No último dia 17 de julho, a Comissão de Constituição, Justiça e Cidadania (CCJ) do Senado deu parecer favorável à Proposta de Emenda Constitucional (PEC) de nº 3/2022, chamada de PEC das Praias, que permite a transferência de terrenos da Marinha para estados, municípios, empresas privadas e ocupantes particulares. A PEC, de autoria do deputado Arnaldo Jordy (CIDADANIA/PA), tem como relator o senador Flávio Bolsonaro (PL/RJ).
Por mais que a PEC não tenha em seu texto uma proposta explícita de privatização das praias, ela permite que órgãos privados tomem para si um bem público. Ou seja, autoriza a exploração privada de um espaço público, o que, de fato, se caracteriza como privatização, uma vez que quando entidades particulares adentram um espaço público, elas não buscam outra coisa que não os lucros com a exploração do local. A PEC das Praias dá a esse espaço as características básicas de uma propriedade privada, como a restrição de entrada de pessoas pelo proprietário e a possibilidade de cobrança de pagamento para usufruir do local.

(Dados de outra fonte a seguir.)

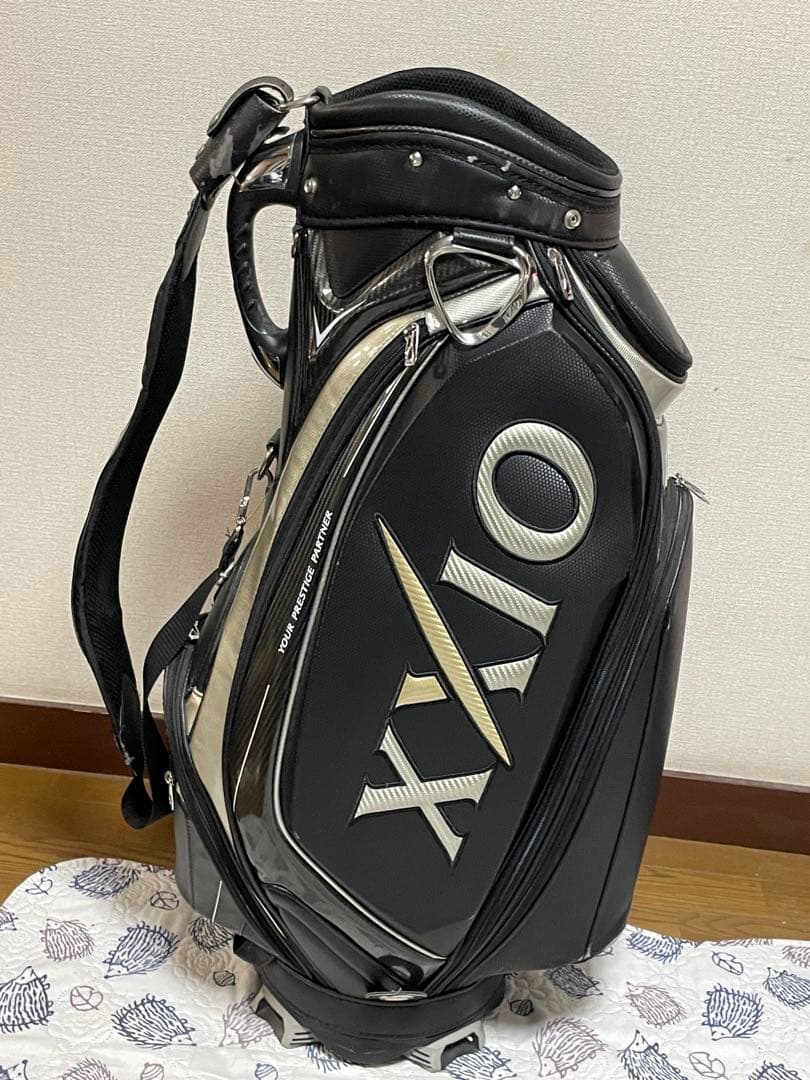 XXIO ブラック キャディバッグ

A Proposta busca ajudar a especulação imobiliária a resolver um problema que vem se estendendo nas últimas décadas. Isso porque tanto empresas, quanto indivíduos podem comprar terrenos próximos às praias, porém não podem, por lei, controlar além do que lhes pertence, pois os terrenos de Marinha compreendem a área do litoral situada em uma faixa de 33 metros de largura, fixada a partir do mar em direção ao continente. No entanto, dado o alto investimento em uma aquisição imobiliária dessa magnitude, os proprietários desses lotes dificultam e até mesmo impedem o livre acesso às praias que não lhes pertencem. O que se propõe é autorizar esses “impedimentos”, tornando-os legal.

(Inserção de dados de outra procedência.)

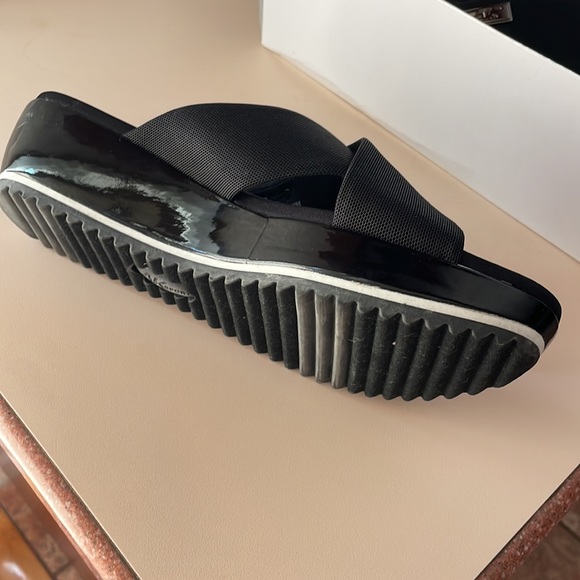 Anne Klein platform sandals - Picture 2 of 5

Um caso famoso é o do condomínio de Laranjeiras, em Paraty (RJ), que dificulta o acesso de caiçaras às praias do Sono, Laranjeiras e Ponta Negra, além da utilização do cais existente no local. Para ter acesso às suas casas, os caiçaras precisam passar por dentro do condomínio, o que, obviamente, não agrada a direção do condomínio, muito menos os proprietários das residências luxuosas. Assim, fazem de tudo para limitar o acesso, como proibir a circulação a pé pelas vias internas do condomínio e não cumprir a lei que exige a existência de passagens de acesso às praias a cada 100 metros em locais onde há construções na sua extensão.
O caso do condomínio de Laranjeiras é apenas um exemplo do que já acontece e será agravado com a aprovação da PEC das Praias. Segundo o senador Humberto Costa (PT/PE), atualmente, cerca de 2,9 milhões de imóveis estão nessa área, dos quais apenas 565 mil são cadastrados. A aprovação da PEC abrirá portas para especuladores se apropriarem do litoral. Ainda segundo Costa, “a defesa da PEC por figuras como Neymar Jr. não é desprovida de interesses particulares, pois o jogador é sócio de um empreendimento que prevê a construção de imóveis de alto padrão entre os litorais sul de Pernambuco e norte de Alagoas”. De acordo com o senador do PT, além de tornar privado um espaço que pertence ao povo, a PEC irá prejudicar milhares de famílias que dependem, por exemplo, do direito de estar na praia para ganhar a sua sustentação, de colocar uma barraca, de vender uma bebida, um tira-gosto, o que quer que seja.
É preciso enfrentar o discurso ideológico de que a privatização aprimora a gestão dos recursos públicos. Na realidade, o que acontece é o oposto, pois somente a gestão pública pode evitar a desigualdade no uso e na exploração dos espaços públicos em detrimento dos interesses da maioria do povo.